*** Begin section ***
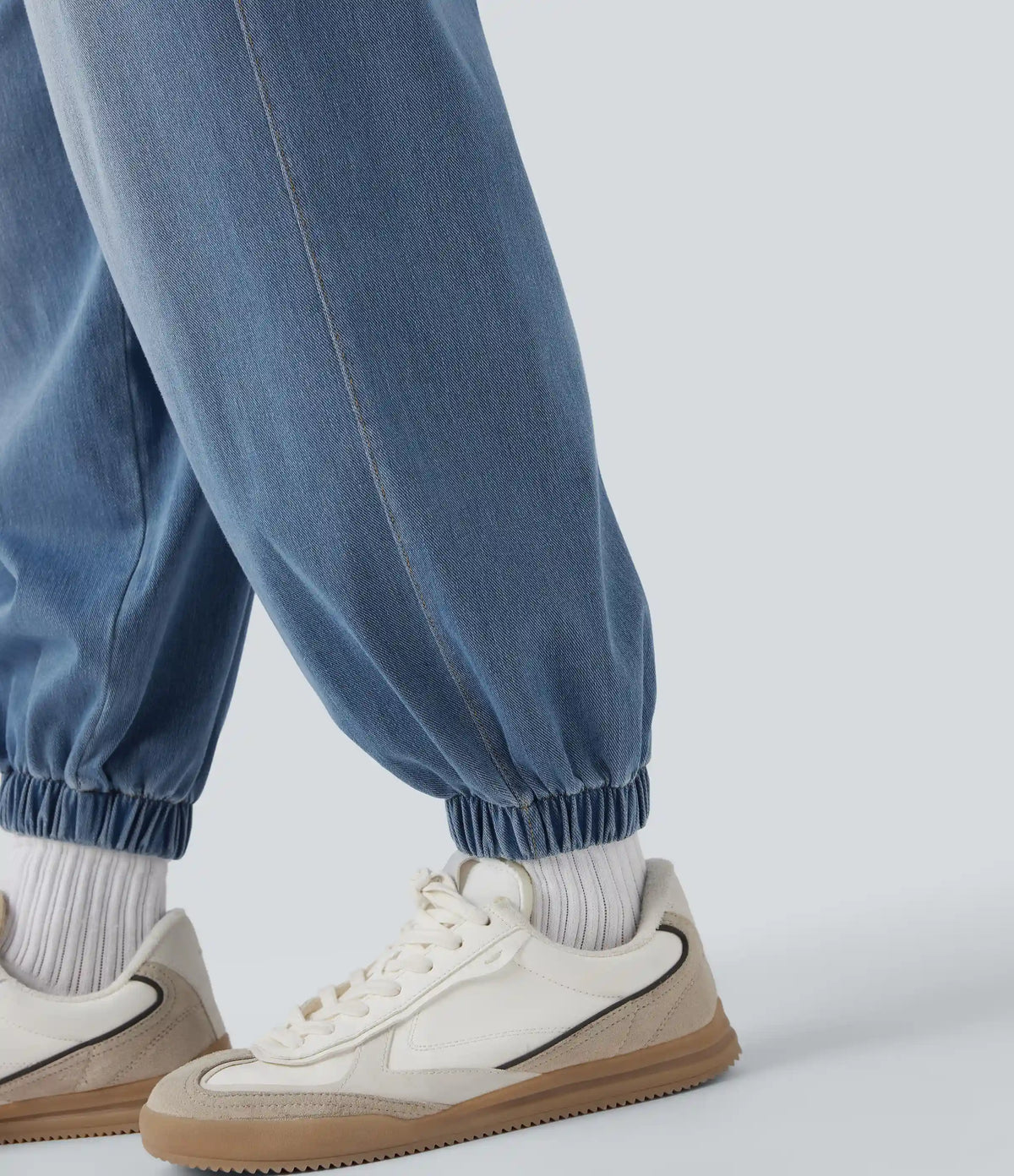 Halara Flex™ Mid Rise Drawstring Casual Sweatpants Jeans with Pockets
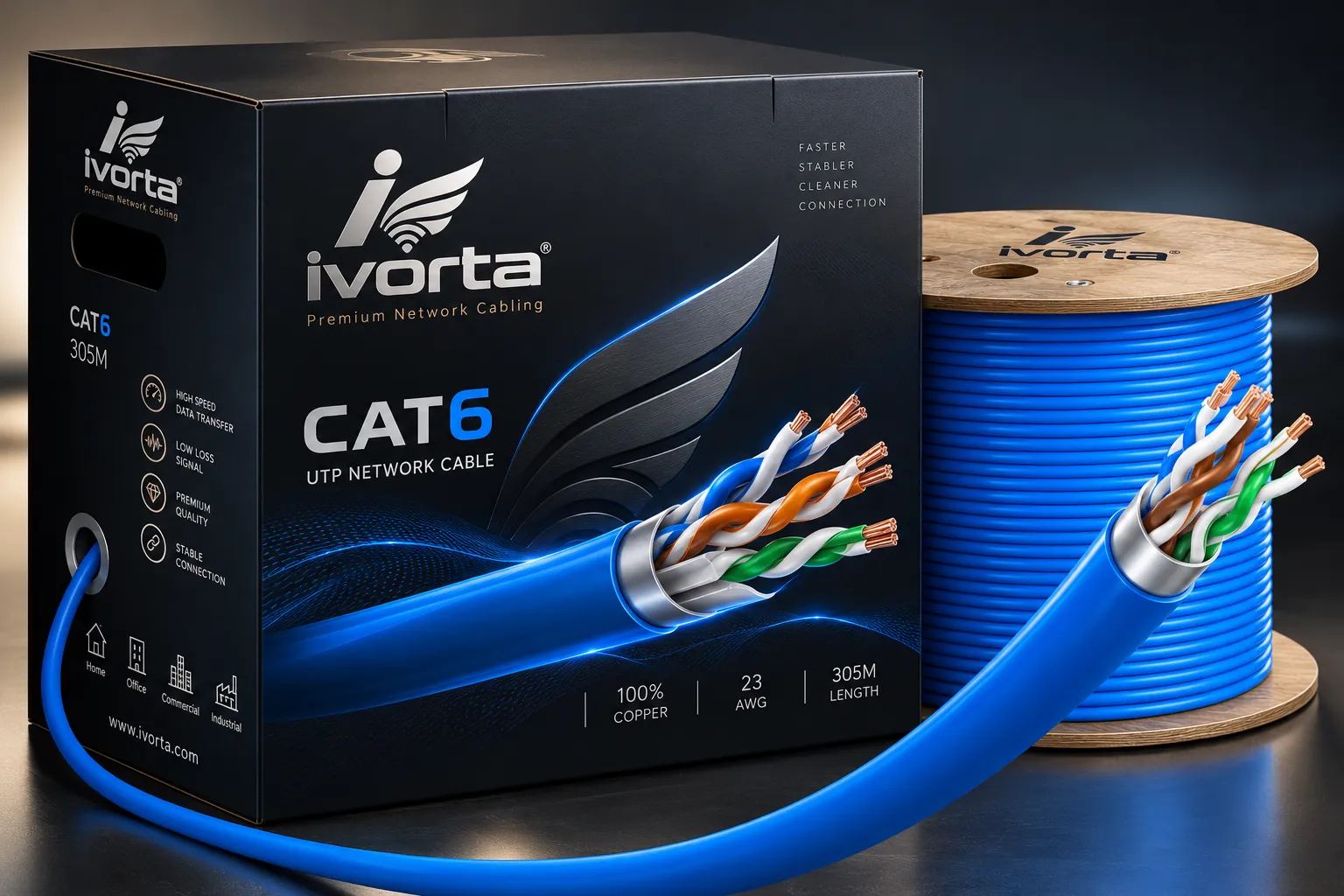 IV-CAT6-UTP-305M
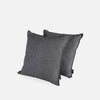 Premium Indoor/Outdoor Cushion - Titanium Weave (Set of 2)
*** End section ***
▸ Directions: Leaving the pictures out, give back each line above exactly.

▸ Result of the exercise:
 Halara Flex™ Mid Rise Drawstring Casual Sweatpants Jeans with Pockets
 IV-CAT6-UTP-305M
 Premium Indoor/Outdoor Cushion - Titanium Weave (Set of 2)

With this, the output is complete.